§ Task requirements
Set down exactly the lines that run from the one containing "2024安徽中考物理二轮专题复习 第14讲 生活用电 （课件）第3页" to the end of the material below, both included, without pictures.

§ Collected data
- - -

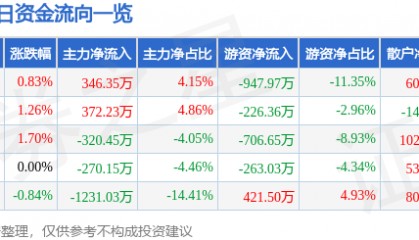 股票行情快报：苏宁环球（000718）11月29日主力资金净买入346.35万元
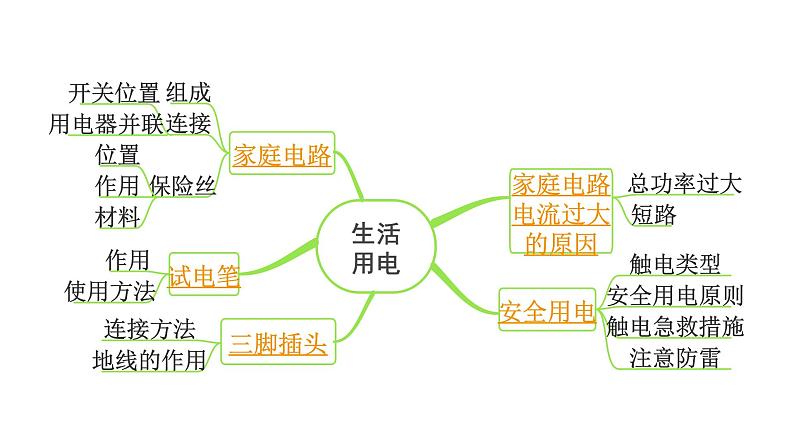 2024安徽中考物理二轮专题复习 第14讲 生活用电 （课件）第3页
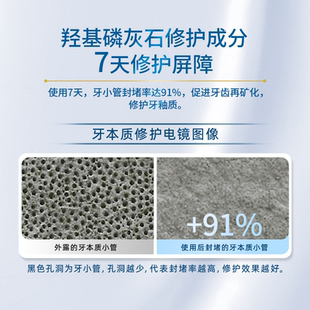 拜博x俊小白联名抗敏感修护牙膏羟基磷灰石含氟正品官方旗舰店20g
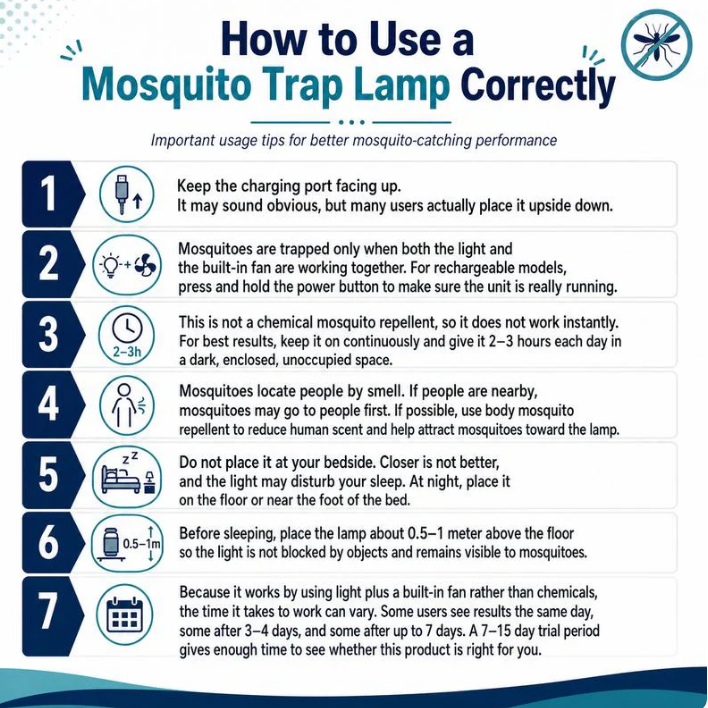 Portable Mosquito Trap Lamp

- - -

§ Written solution
 2024安徽中考物理二轮专题复习 第14讲 生活用电 （课件）第3页
 拜博x俊小白联名抗敏感修护牙膏羟基磷灰石含氟正品官方旗舰店20g
 Portable Mosquito Trap Lamp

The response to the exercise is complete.